INSTRUCTIONS FOR THE TASK = Shown below are entries with pictures; the line with "DAZY Vestido de" through the line with "Lab Created Silver Plated Cz Statement Ring" is the span to retype exactly, and the pictures stay out.

RECORD EXCERPTS =

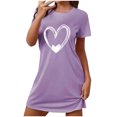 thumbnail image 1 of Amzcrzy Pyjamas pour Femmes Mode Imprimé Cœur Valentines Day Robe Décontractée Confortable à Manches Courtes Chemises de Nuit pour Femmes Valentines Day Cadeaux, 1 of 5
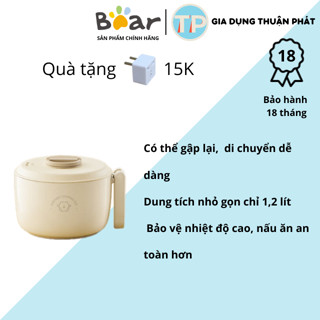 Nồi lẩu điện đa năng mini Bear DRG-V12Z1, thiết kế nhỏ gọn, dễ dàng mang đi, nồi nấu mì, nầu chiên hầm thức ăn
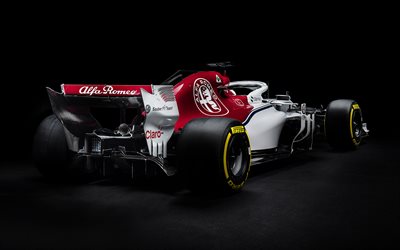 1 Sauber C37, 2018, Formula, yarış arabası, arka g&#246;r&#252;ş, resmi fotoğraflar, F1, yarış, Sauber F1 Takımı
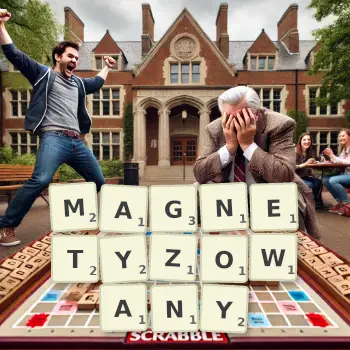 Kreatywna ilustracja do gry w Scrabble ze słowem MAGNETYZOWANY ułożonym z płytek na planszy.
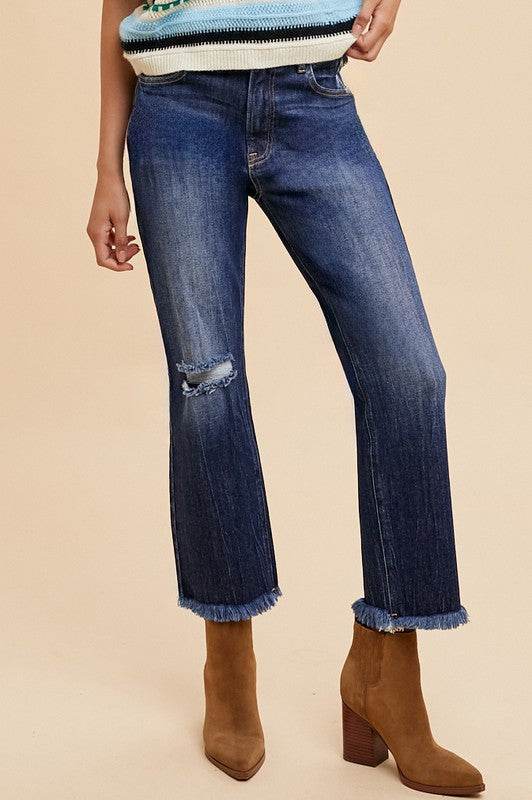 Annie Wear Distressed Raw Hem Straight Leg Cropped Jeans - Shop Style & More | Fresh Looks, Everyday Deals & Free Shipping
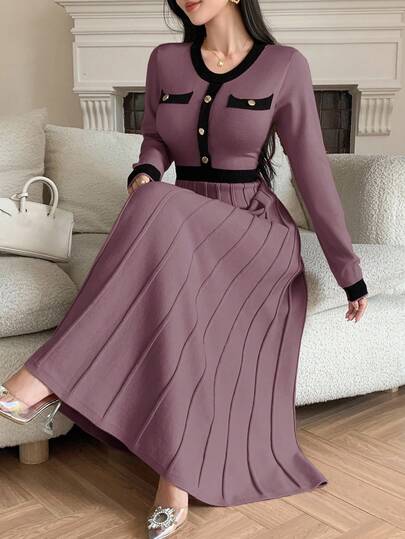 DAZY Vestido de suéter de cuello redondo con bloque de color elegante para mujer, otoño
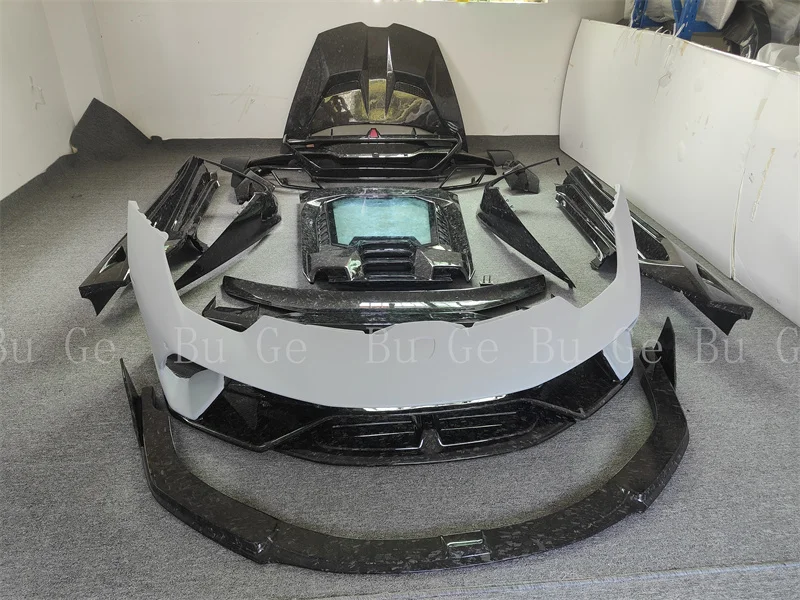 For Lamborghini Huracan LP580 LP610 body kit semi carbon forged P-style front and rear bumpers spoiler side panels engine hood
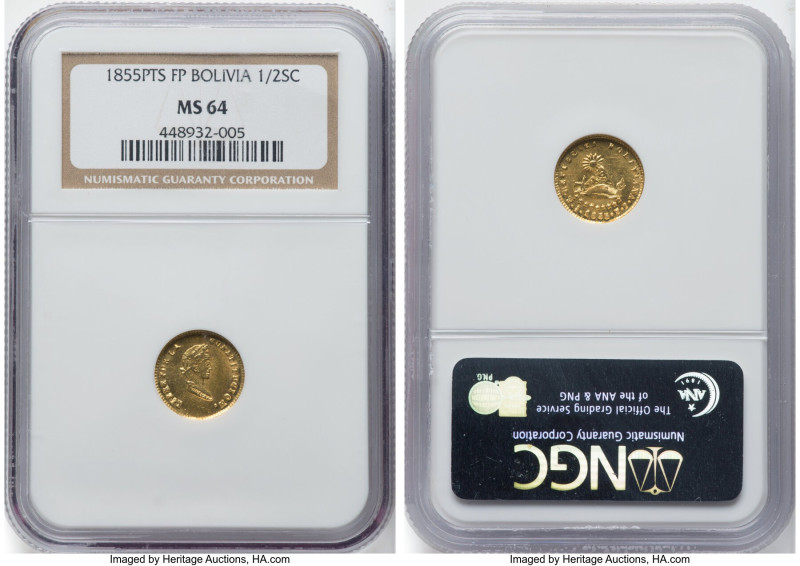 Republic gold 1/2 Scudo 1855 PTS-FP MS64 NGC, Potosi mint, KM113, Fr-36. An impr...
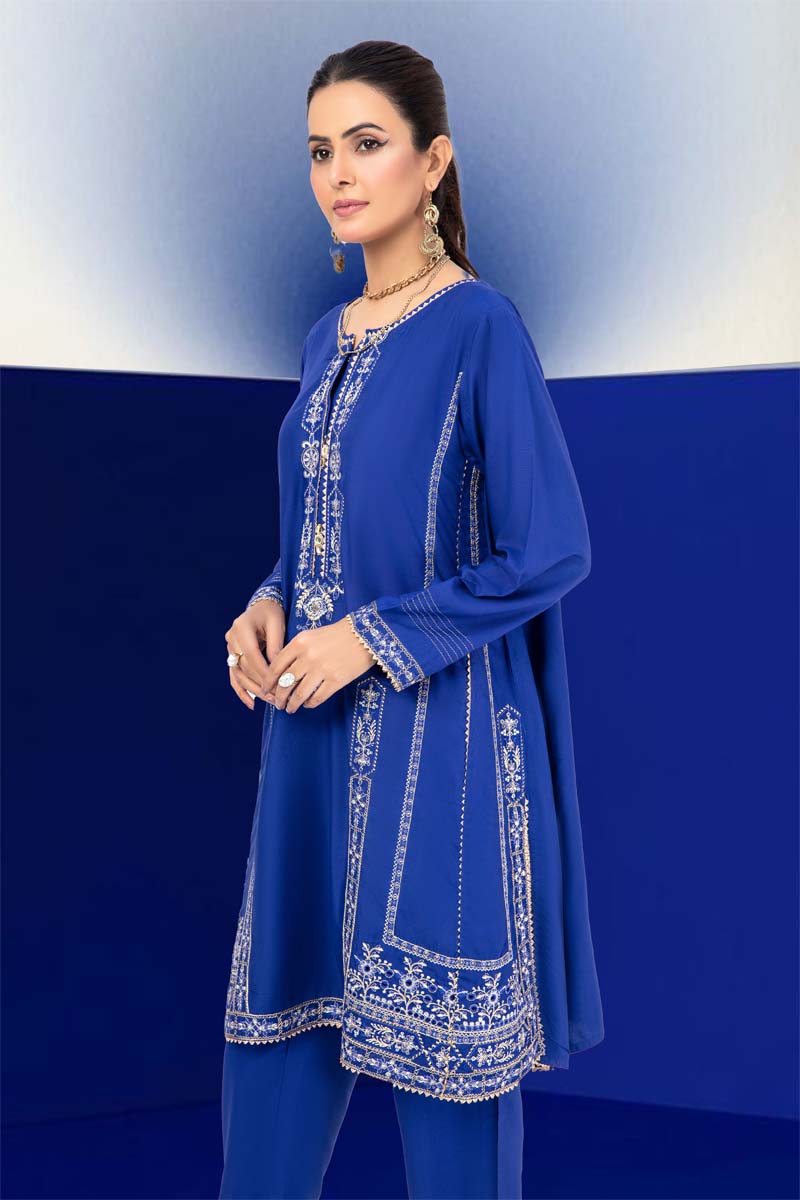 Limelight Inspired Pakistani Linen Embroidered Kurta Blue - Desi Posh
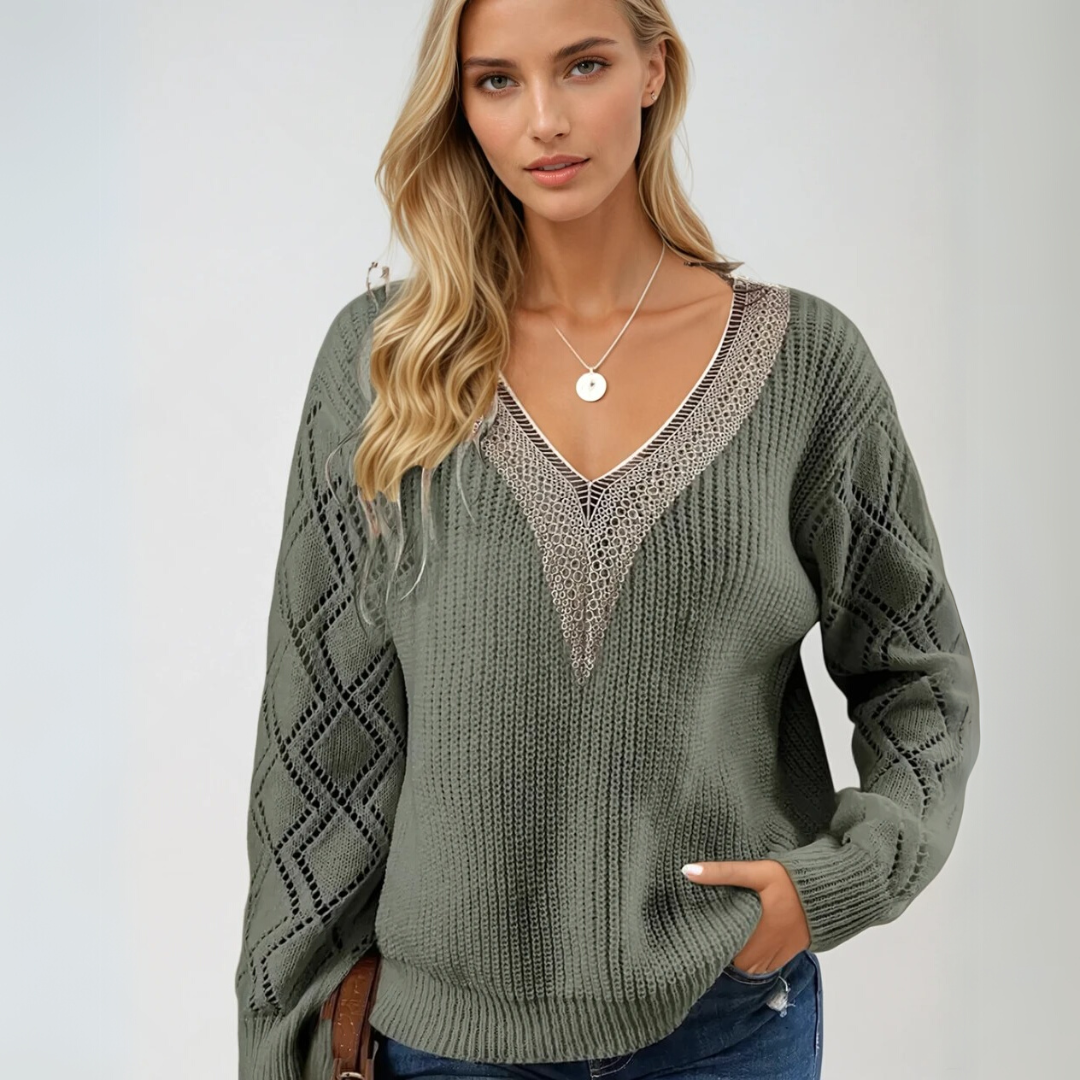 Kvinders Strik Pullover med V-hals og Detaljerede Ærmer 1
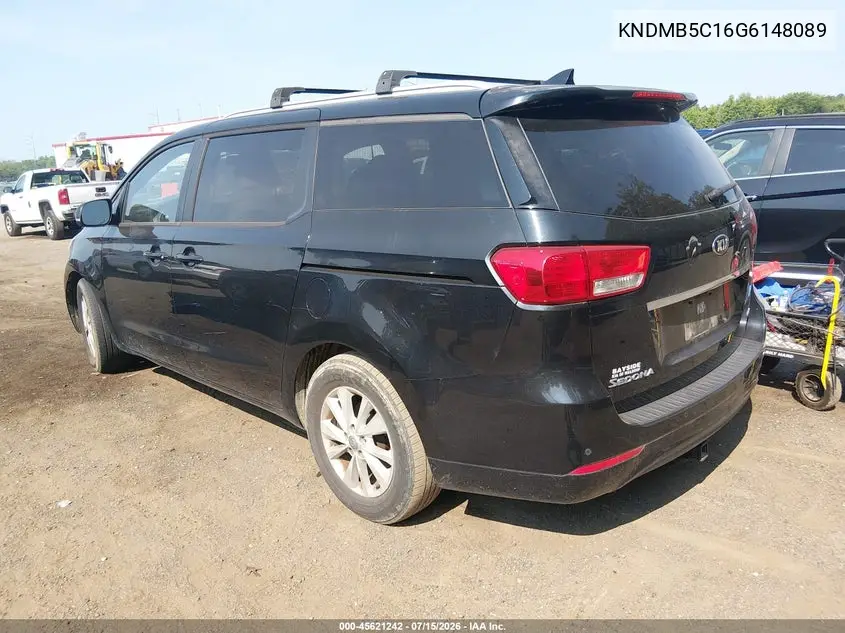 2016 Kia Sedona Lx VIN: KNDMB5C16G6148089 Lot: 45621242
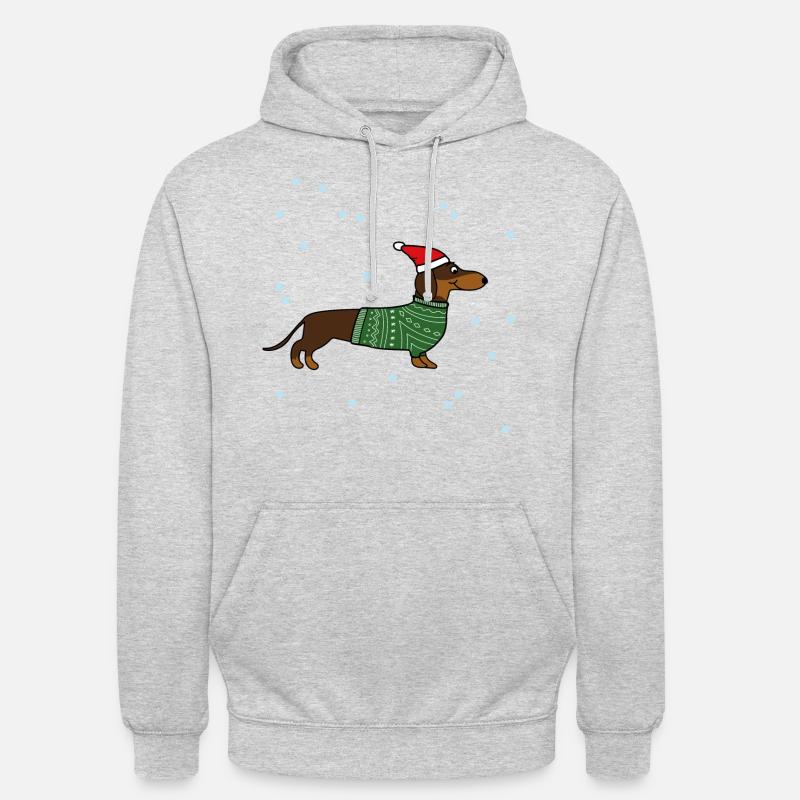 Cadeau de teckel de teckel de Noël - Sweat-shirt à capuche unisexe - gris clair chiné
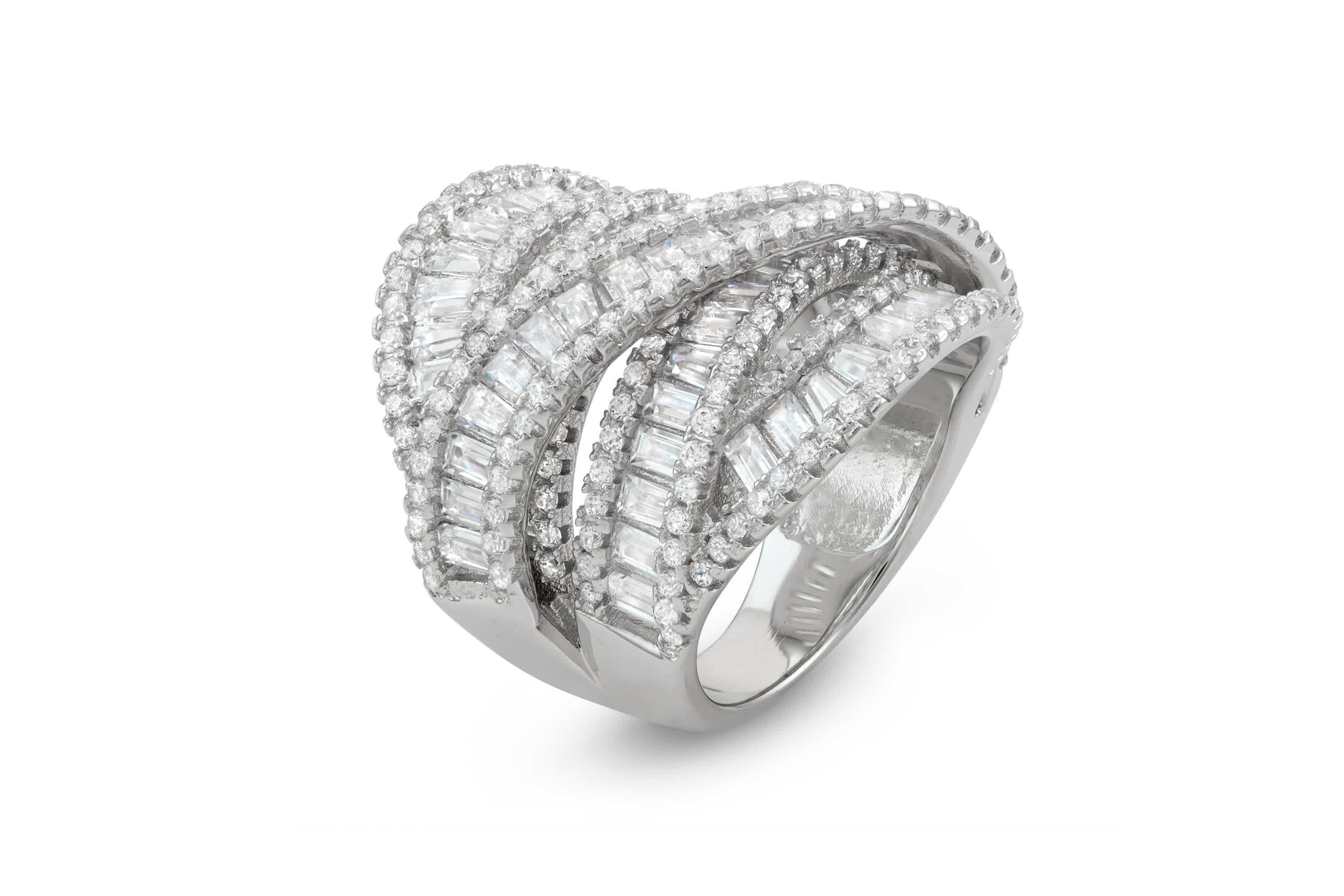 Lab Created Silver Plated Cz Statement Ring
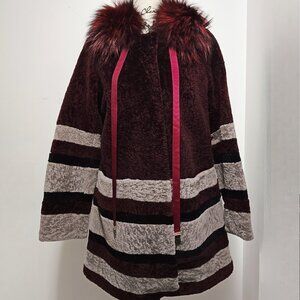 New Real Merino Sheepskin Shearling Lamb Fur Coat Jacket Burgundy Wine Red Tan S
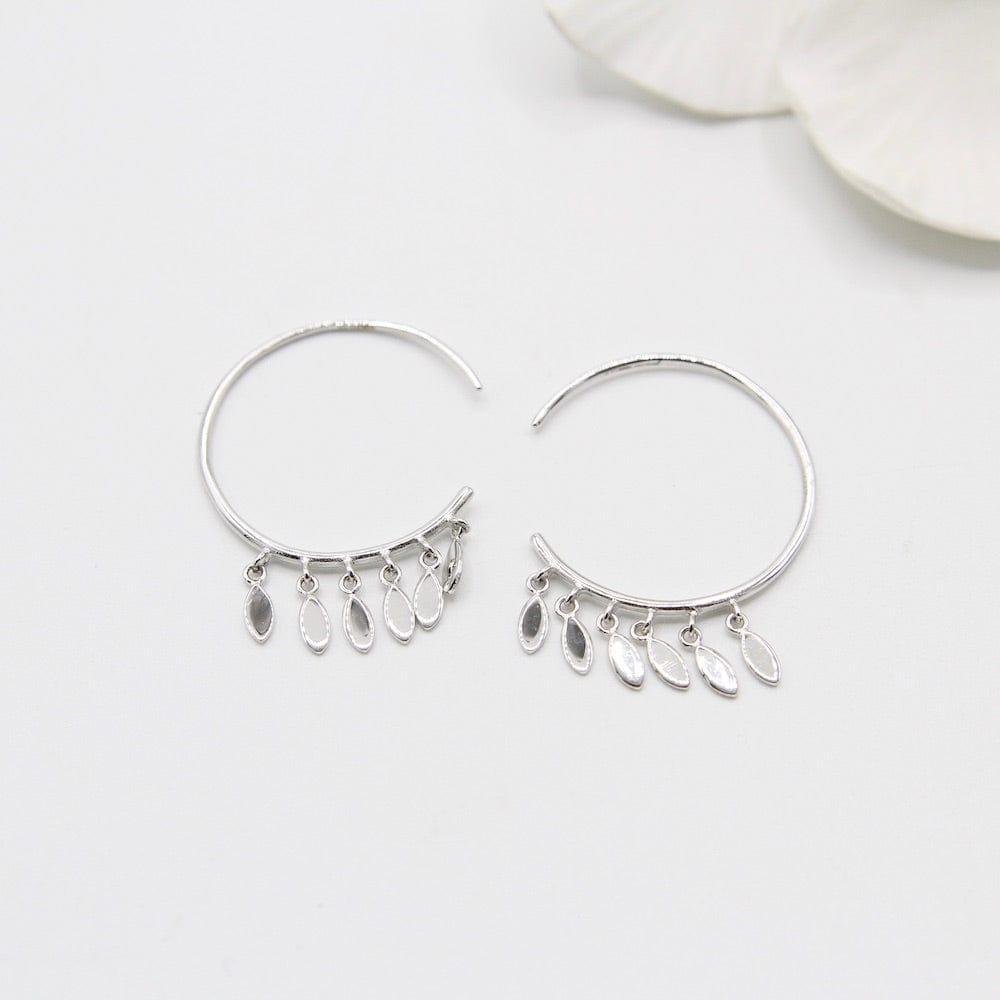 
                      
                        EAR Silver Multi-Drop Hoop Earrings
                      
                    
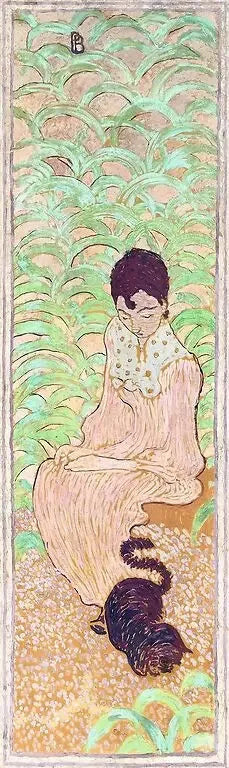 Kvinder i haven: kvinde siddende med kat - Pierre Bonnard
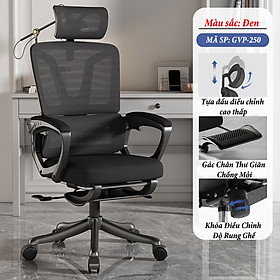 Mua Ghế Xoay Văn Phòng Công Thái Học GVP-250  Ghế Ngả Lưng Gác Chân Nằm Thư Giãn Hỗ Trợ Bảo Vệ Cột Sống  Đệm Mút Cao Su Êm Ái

SOLUTION FOR THIS TASK =
 DAZY Vestido de suéter de cuello redondo con bloque de color elegante para mujer, otoño
 For Lamborghini Huracan LP580 LP610 body kit semi carbon forged P-style front and rear bumpers spoiler side panels engine hood
 Republic gold 1/2 Scudo 1855 PTS-FP MS64 NGC, Potosi mint, KM113, Fr-36. An impr...
 Limelight Inspired Pakistani Linen Embroidered Kurta Blue - Desi Posh
 Kvinders Strik Pullover med V-hals og Detaljerede Ærmer 1
 2016 Kia Sedona Lx VIN: KNDMB5C16G6148089 Lot: 45621242
 Cadeau de teckel de teckel de Noël - Sweat-shirt à capuche unisexe - gris clair chiné
 Lab Created Silver Plated Cz Statement Ring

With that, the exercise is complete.